Keep in mind though, if you set a variable equals to the value of the slice, you are essentially copying the slice header itself, not dereferencing it. Example:

        l := *b

        l[0] = 255

...

b original pointer: 0xc00000c060

pointer for l     : 0xc0000180f8

b   = [255 254 253 100 101]

Notice the address for l has changed to a new one, similar to k when passing in as value.

Premature Optimization?

Now, if you notice the differences, the only gain for you to pass in as pointer is that you avoided the function copying mechanism at the expense of the weird parenthesis notation. Consider the clean version:

func runWithPointer(b *[]byte) {

        (*b)[1] = 254

        c := (*b)[0:2]

        ...

}

func runWithLocalVariablePointer(b *[]byte) {

        l := *b

        l[1] = 254

        c := l[0:2]

        ...

}

func runWithoutPointer(k []byte) {

        k[2] = 253

        c := k[0:2]

        ...

}

Of course runWithoutPointer is recommended since it is clean and tidy. This is why the Go community recommends not to pass slice as pointer.

However, it does not means you cannot use runWithPointer. It is just the Go community will frown upon it since the gain not worth sacrificing the readability.
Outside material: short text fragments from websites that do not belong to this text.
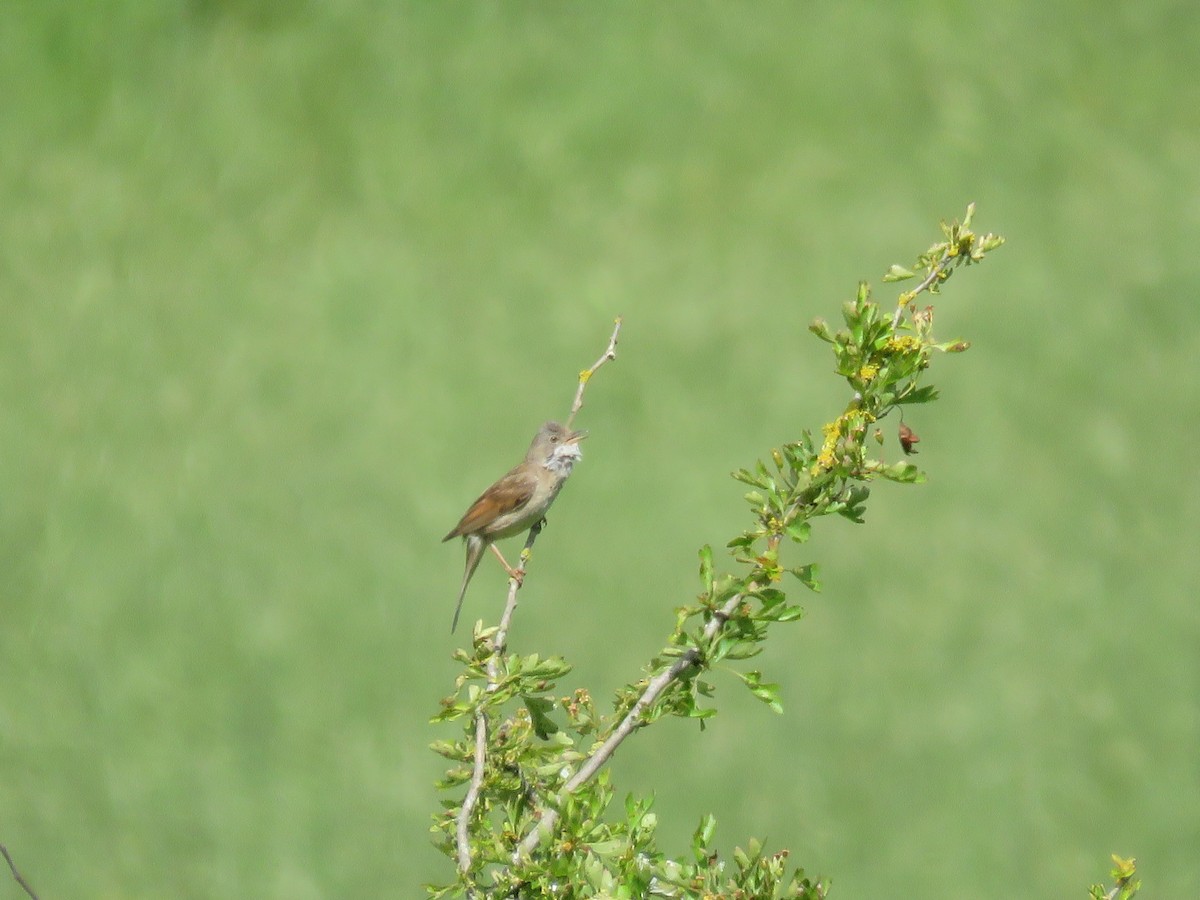 Greater Whitethroat - Josiah Evans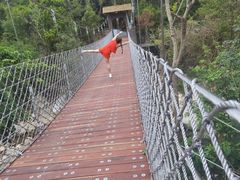 -海南热带雨林国家公园吊罗山景区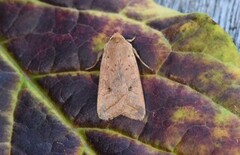 Rettlinjet høstfly (Agrochola macilenta)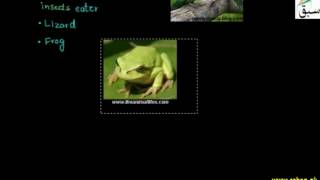 Frugivores,Insectivore, Parasitic, Saprozoic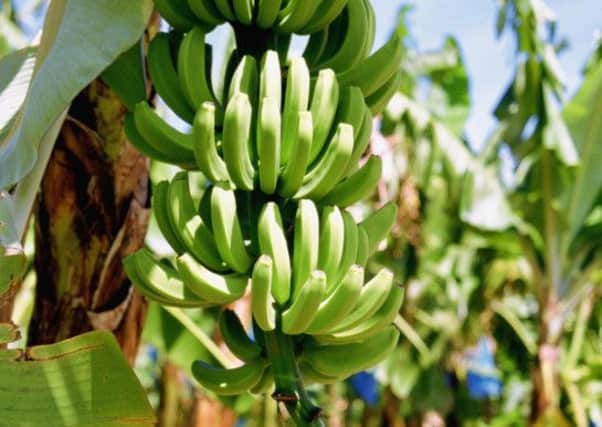 Banana trees on a farm on the island of St Lucia.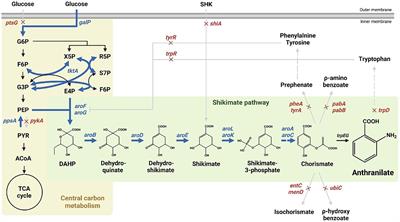 Engineered Escherichia coli cell factory for anthranilate over-production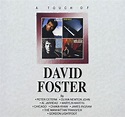 Touch Of David Foster (Shm): FOSTER,DAVID: Amazon.ca: Music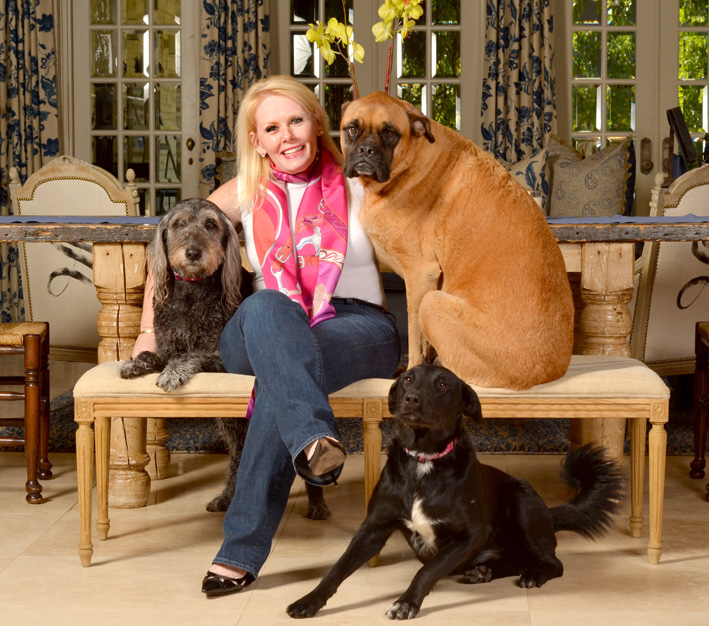 Pictured are Wags, Dede, Clovithz and Squish. The Siegfried pets are all rescues and have even been DNA-tested to learn their true breeds. Photo by Dan Morgan.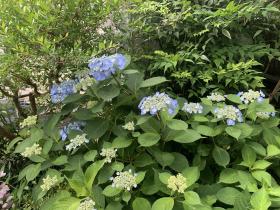 20260606mygarden2.jpg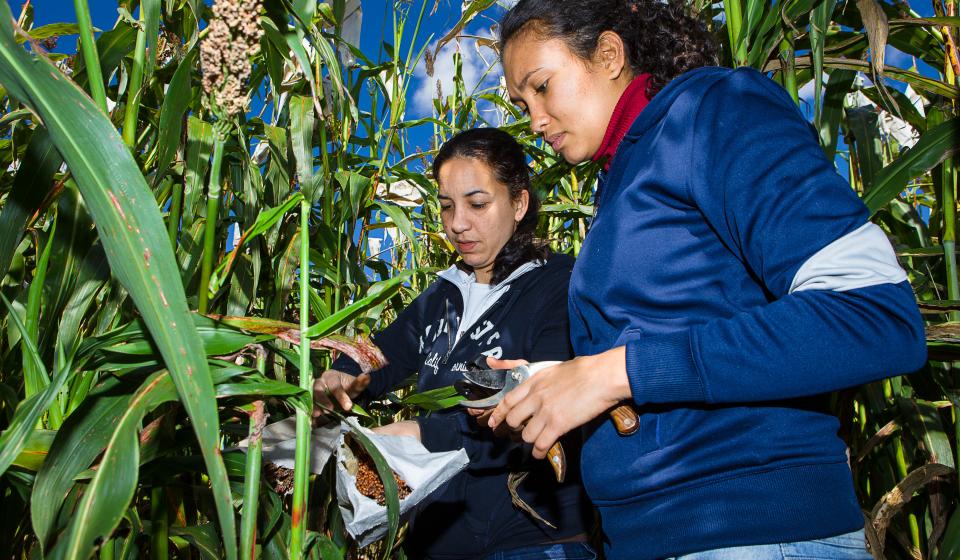 Graduate students conducting field research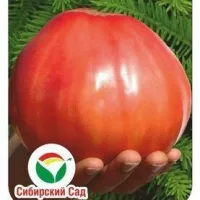 Купить семена Томат Микадо розовый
Specify a local variable copy like runWithLocalVariablePointer does is essentially the same as runWithPointer.

Besides, a lot of folks are scared of pointer (no idea why) so maintaining the pointer convention can be a pain at some point.

Conversion

Array to Slice

You can easily convert an array to a slice by using the array boundary selector and select all elements in the slice. Example:

array := [5]byte{0x02, 0x03, 0x04, 0x05, 0x06}

slice = array[:]

This is a direct array to slice conversion when both array and slice shares the same length. DO NOT delete the array since slice relies on it to point towards the memory.

Otherwise, you need to perform manual copy using append function. Example:

slice = []byte{}

slice = append(slice, a[:]...)

Slice to Array

Slice to array requires you to copy the slice components into the a newly built slice. Example:

slice := []byte{0x02, 0x03, 0x04, 0x05, 0x06}

var array [5]byte

copy(array[:], slice)

That's all about slices in Go.